15 X 2019: Intrusion of popular culture on concepts of political life

Gripe No.1: Tonight the Democratic candidates for president, 12 of them, meet in their fourth debate. Debate is, of course, a euphemism for hullabaloo that is modeled on The Game of the Week.

Active participation in sports in youth and vicarious participation as fans through adult life is omni-pervasive in our society and competitive sports have become America’s paradigm for life. There is very little in human experience that we do assimilate to an athletic game, using the structures and language of sport to view all life as an agon, a combative competition.

This brings me to my point: I see a discouraging similarity of coverage of the debates to coverage of professional sport. We have pre-debate shows to discuss candidates’ earlier performance and to predict who will do best in the debate. Commentary is provided during pauses in the debate. And at the end come the post-debate roundups, evaluation of the debaters culminating in a determination of who was the winner.

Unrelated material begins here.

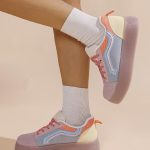 Buty Sportowe DAMSKIE (36-41 12par) 6620247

This is by way of saying that I think the media trivialize and debase political discourse by turning it into a show, one like the show we know best, professional sports.

Gripe No. 2: I feel the media have bought into Trump’s characterization of those who have disclosed his malfeasance. Just today I read a piece in which figures from the White House who have revealed or are likely to reveal to Congress what they know about the President’s self-serving plots are referred to as snitches, just what Trump wants us to think of them.

Here I will complain not about sports in American life, but about the paradigmatic role of organized crime. So many gangster movies, so many that portray the gangster as an attractive anti-hero! Trump is the Godfather, surrounded by trustworthy capos and soldiers. Whistle-blowers or witnesses before Congress are the informers, snitches, rats who tell the feds the Godfather’s secrets. Trump also describes anyone who criticizes him as a traitor, but he never says traitor to what. To the U.S.A. or to Donald Trump?

But even though Trump thinks like a gangster, behaves like a gangster, and sounds like a gangster, we must not be tricked into treating him as another head of a crime family. Yes, he’s probably guilty of some lowdown crimes for which he should ultimately be prosecuted. But what he has been doing as President is beyond crime. He is breaking his inaugural oath by obstructing justice, condemning the Constitution, and is like Pravda streaming destructive falsehoods.